In about 5-7 years or so after there's renewed interest, pick up post-Voyager. Pull a Highlander III (fan-titled, "Highlander III: Highlander II never happened"), and pretend anything past the end of Voyager never happened. ("Insurrection"? What franchise was that? Wasn't Trek was it? Nah, don't believe you.. and our lawyers will sue you for libel if you try and push it pal.) And bring in all new writers, all new designs, and continue.

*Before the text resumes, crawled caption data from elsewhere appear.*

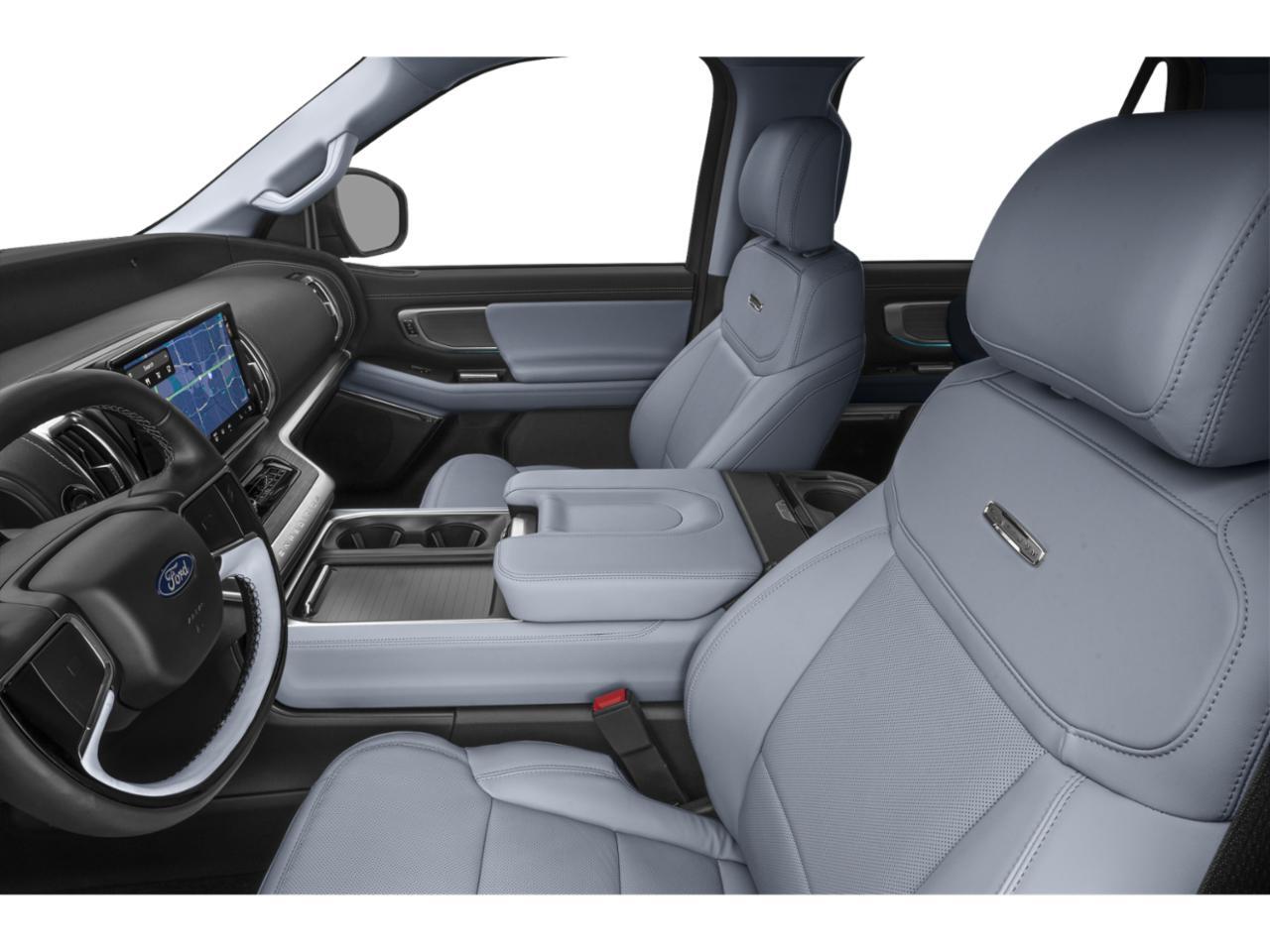 2027 Ford Expedition Platinum San Clemente CA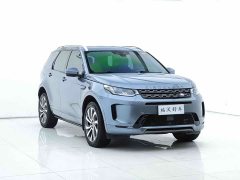 Land Rover Discovery Sport 2022 Facelift 249PS R-Dynamic SE Performance Technology Edition 5-Seater - ფოტო 3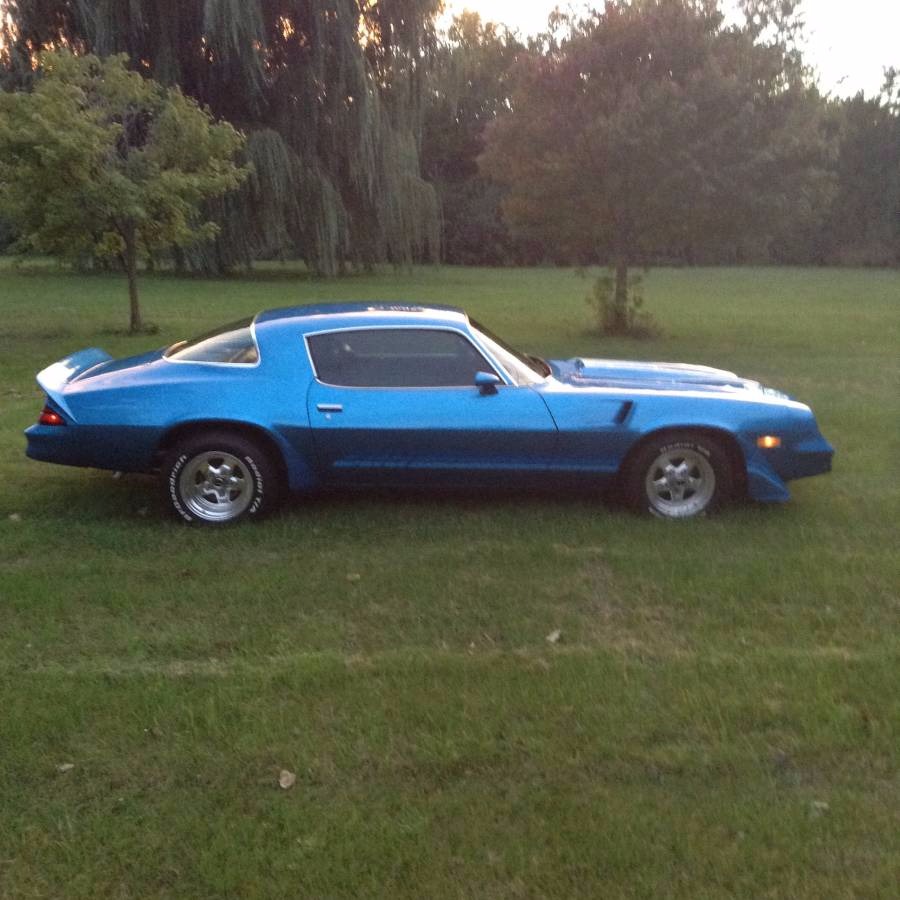 Used 1980 Chevrolet Camaro -Z28- READY TO ENJOY | Mundelein, IL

The only good thing about Season 3 "Enterprise" to date is that it's nice to see the actor who played the telepath first officer Matheson from "Crusade" has gotten himself some new work. There's an excellent actor who has a great sense of humour, and can deliver a line that'll make you grin with a totally straight face and just so smoothly. Being "Enterprise", he'll just sit in the background whenever they need a token minority because the scene is too damn white, and take a shot from a Xindi rifle defending Archer. I predict his final line (and maybe only second spoken line) in the series will be,"Captain, look out! Arrrrgh!" (zot, crisp, sizzle).
And can you be *any* more pointedly trying to say that an alien race are Iraqi's? Let's see.. flip the q upside down, that makes a d.. that r turns into an n nicely.. Inadi.. no, that's a mouthful.. gotta give it zip.. zzz.. hmmm, Znadi, maybe flip things around. Zandi.. too much like candy.. Zindi. Gotta give it a cool look, Xindi. There we go. (gag).
Next thing you know, the leader of the Xindi will be Izimi Din Loodi or Zadin Hisan.
(sorry to Paramount if I just pre-shadowed any actual planned events and created a foreshadowing of things to come).
My two cent ($C) for what it's worth..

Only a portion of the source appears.